And like we said, we showed, science is kind of like,
you know, we're not quite sure about the birth order effect.
That hasn't kept like a whole cottage, like,
field of psychology from continuing
since the 80s, basically nonstop.
Like if you go look at birth order effects,
there's, it's very rare you're gonna run
into anything that says like, this is all BS.
Most of it's like, yeah, this is true, everybody knows it.
There have been some like prominent people
in favor of, or like, like let's say yes,
there is such thing as birth effects.
And there was one guy in particular
who made a big splash in 1996
with a book called Born to Rebel.
Yeah, Solaway?
Yeah, Frank Solaway, Frank J. Solaway,
if you wanna be fancy about it.
And he got a MacArthur Genius Grant in 1984
to kind of study this and write about it.

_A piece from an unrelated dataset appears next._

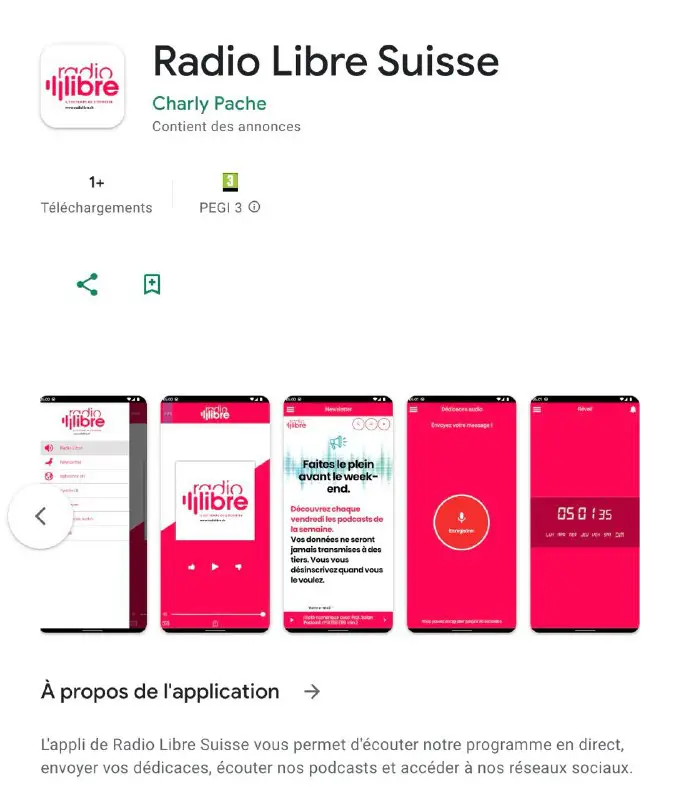 **Radio Libre a son application mobile …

And he did, he wrote a book called Born to Rebel.
It was about birth order.
And the whole premise of the book was,
he looked at scientific revolutions throughout the ages.
It was pretty interesting.
Identified which scientists were on which side of it,
either in support of this revolutionary thinking
or opposed to it, meaning that they were in favor
of keeping the status quo,
and then determined what birth order they had.
And he found after this study, which is really,
it was a big study that he did.
And it was a pretty, a lot of legwork and a lot of research.
He determined that firstborns are much more likely
to support the status quo,
whereas secondborns or laterborns, he calls them,
are much more likely to support revolutionary thinking.
Yeah, and just one example, as far as he used Darwinism,
he said laterborns between 1859 and 1875
were 4.6 times more likely than firstborns
to support Darwinism.
And that's just one example.
And that's just revolutionary thinking.
Yeah, and that was one of many examples.
I think there were 121 historical events
with 6,500 individuals, either supporting or opposing them.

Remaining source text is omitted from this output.